# Pillars of suspension bridges with observation decks



## Obelixx (Apr 14, 2005)

On the pillar of New Danube Bridge in Bratislava, Slovakia ( http://en.structurae.de/structures/data/index.cfm?ID=s0001105 ) there is a restaurant, accessible for tourists by elevator. Is this the only observation deck on a pillar of a suspension bridge?

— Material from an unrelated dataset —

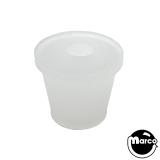 -Titan™ Silicone tapered post - clear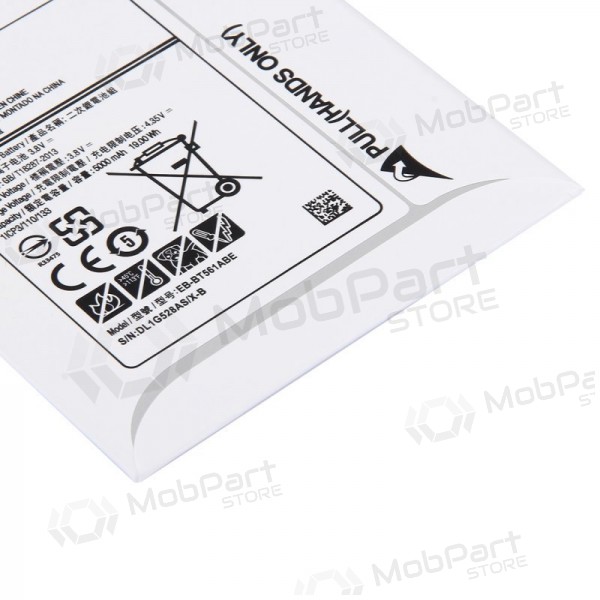 Samsung T560 Galaxy Tab E 9.6 / T561 Galaxy Tab E 9.6 batteria / accumulatore (EB-BT561ABE) (5000mAh) Samsung T560 Galaxy Tab E 9.6 / T561 Galaxy Tab E 9.6 batteria / accumulatore (EB-BT561ABE) (5000mAh)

Pillar of the New Danube Bridge in Bratislava, Slovakia. In the cylindre of the top there is a restaurant accessible by elevator


----------



## samsonyuen (Sep 23, 2003)

Tower Bridge in London, one of the first, if not the first. Tourists always think it's London Bridge!


----------



## Oriolus (Feb 4, 2004)

Walter Taylor Bridge (Indooroopilly, Brisbane) - built 1936

From what I understand the towers at either end were designed to house the gatekeeper and maintenance workers. Up until a couple of years ago there was still somone living in it and maybe there still is.


----------



## Obelixx (Apr 14, 2005)

A loud place to live!


----------



## Arpels (Aug 9, 2004)

in fact :yes:


----------



## aCidMinD81 (Sep 11, 2002)

This one in Valencia designed by Calatrava will reach 125 metres and will have an observation deck on its top being able to see the entire City of Arts and Sciencies.


----------



## Obelixx (Apr 14, 2005)

Zhivopisny Bridge in Moscow carries under the top of the bow a structure, that was planned as a restaurant, but according to https://en.wikipedia.org/wiki/Zhivopisny_Bridge it was never used for this purpose.


----------